I kiss her gently, and she takes my hand and leads me towards the bathroom and I’m mentally flicking through every other twisted fantasy I’ve ever had because tonight – tonight I might just get to live them out.

 

 

Kira

 

The black silk is cool against my skin as the scarf covers my eyes, and I bite down on my lip as he secures it tightly. I want to be submissive tonight. I want
him
to take charge, to take anything he wants from me and he has my permission; he can take it all, anything he wants. I’m still in control. I always have been. From the very first day I started doing what I do I’ve called the shots. The trick is letting
them
think otherwise.

 
He pushes me back against the wall and takes my hands in his, raising them up above my head and his fingers slide between mine as his lips brush lightly over my neck and shoulders.

‘Keep them there,’ he murmurs as he lets go of my hands, his fingers now trailing down my arms, his mouth brushing the base of my throat, and the most beautiful shiver engulfs me.

I feel his mouth reach my breasts, his thumbs flicking over my nipples before his tongue takes over and I can’t stop the long, low moans from escaping. They come from so deep within me it doesn’t even sound like I’m making the noise, but he’s drawing those moans out of me with every touch of his fingers, every kiss of his lips.

My stomach contracts in a wave of somersaults as his mouth rests against it, his hands holding on to my hips and I inhale sharply, because I know where he’s heading. I know what he’s going to do, I just can’t see it happening, and it’s the most incredible feeling; the anticipation alone is enough to make me come, I’m almost there.

I open my legs a little wider as he touches my thighs; I can feel his breath on my skin and it sends another shiver shooting right through me that physically rocks my body. And he waits, until that shiver passes, before he touches me again, and another moan escapes me, my fingers twisting together above my head as I wait for whatever it is he’s going to do next.

We talked fantasies. I let him watch me pee, I let him fuck me straight afterwards in the shower and he barely had time to get his cock inside me before he was coming in long, deep waves and he was telling me everything he wanted to do –
to
me,
with
me; over me. We’re working our way through a list, and I know that in the morning my body is going to pay for it all, but I don’t care. It’s not my body I’m worried about.

I gasp as his thumb passes over my clit, and I feel him pull me wide apart before his mouth touches me, his tongue gently probing and flicking and I can’t take any more. I push down on him, just a little, as his tongue enters me and I cry out, my hips jerking as I feel him touch me inside. I’m wet, I’m so fucking wet I can feel it spilling out of me, and that turns me on even more until I can’t hold back any longer. A fierce, white-hot blanket of beautiful prickles sweeps across every inch of my skin and I’m coming; wave after wave shakes me to my core and he’s taking it, holding tightly on to my hips as I grab my release and I cry out, and he’s taking it all. And just when I think it’s over; when my body finally starts to slow down and those pins and needles recede, he slips his tongue back inside me and another barrage of waves return to engulf me a second time, and I’m still wet, but he’s licking me dry and I close my eyes and I let it happen. I’m exhausted, but we’re not done. We’re so far from done.

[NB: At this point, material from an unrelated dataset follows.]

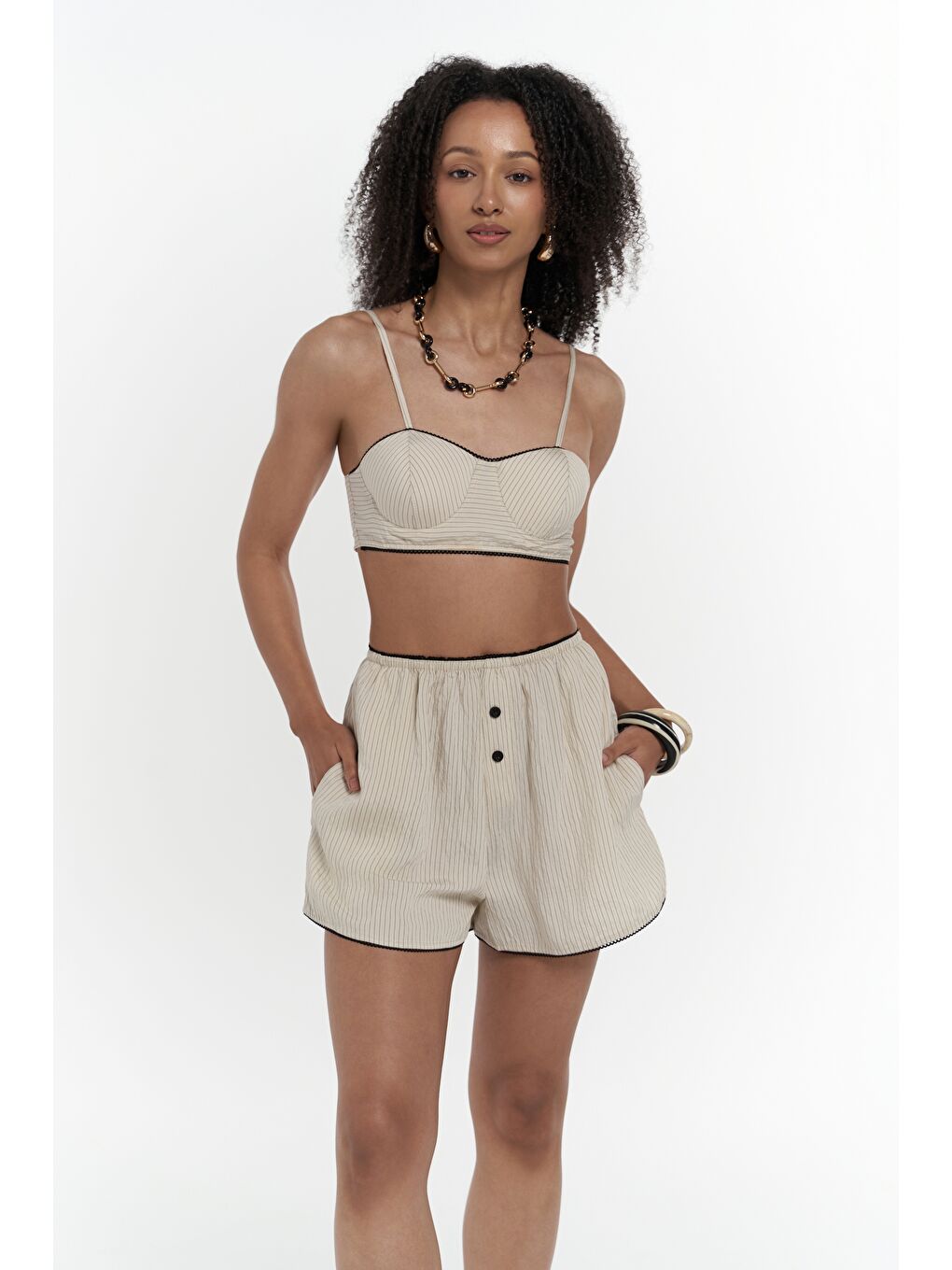 Leda Dantel Detay Şortlu Bej Üçlü Takım-1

He finally pulls away from me and I feel him stand up; feel his breath on my neck as he leans in to kiss me, and I taste myself on his perfect lips as his fingers run over my soaking and sensitive slit, and I’m lost. Even Kira Blu is having trouble coping with everything that’s happening in this room tonight.

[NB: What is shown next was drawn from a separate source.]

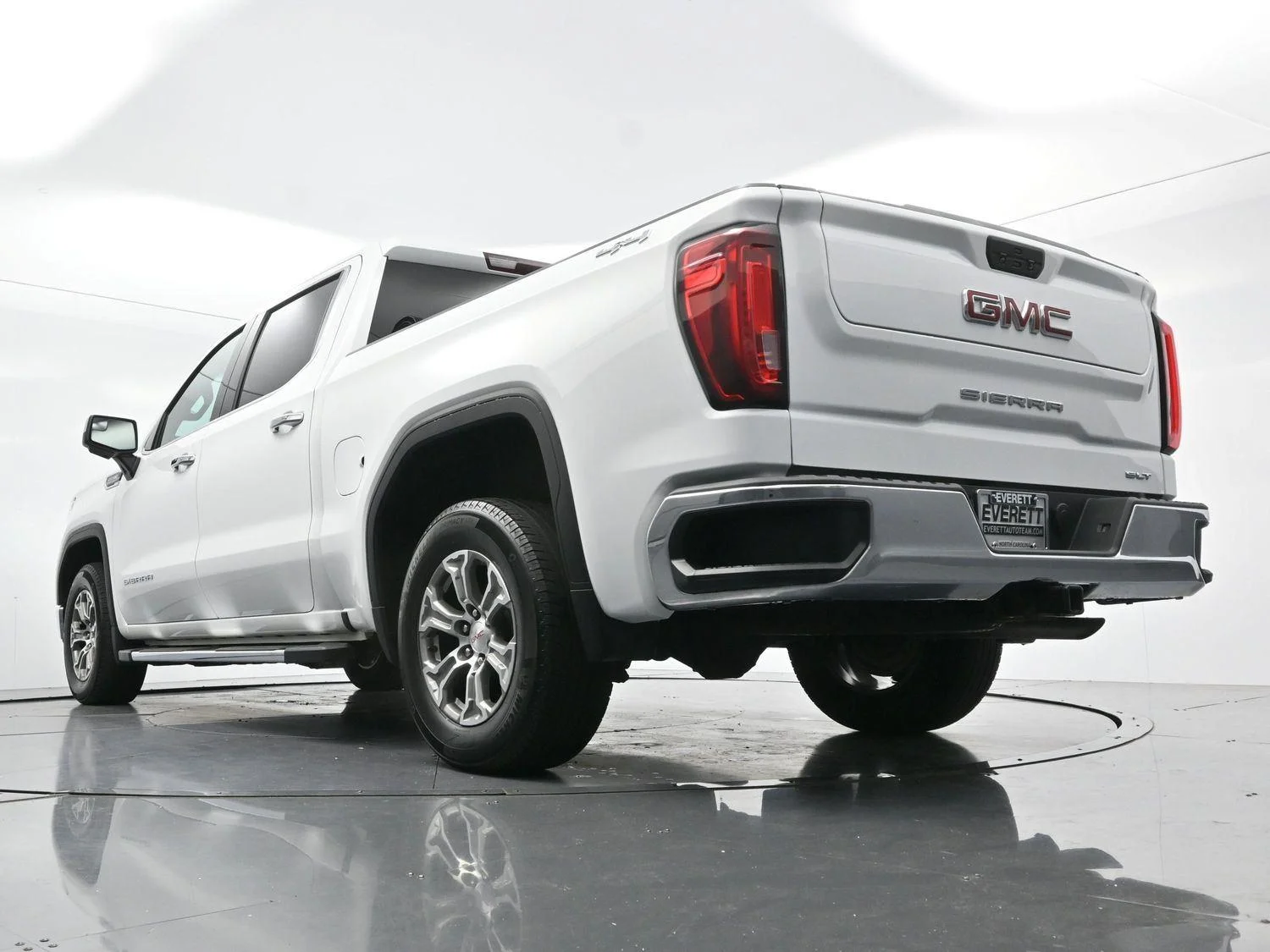 Used 2022 Summit White GMC SLT image 47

He lifts me up and I wrap my legs around him as he carries me over to the bed, laying me down and raising my arms back up above my head. I know what he’s going to do; we talked about this. And I feel another shiver wash over me as he takes my wrists and slips the handcuffs over them, locking them together, his low-down-dirty laugh making me moan out loud as my thighs burn up all over again.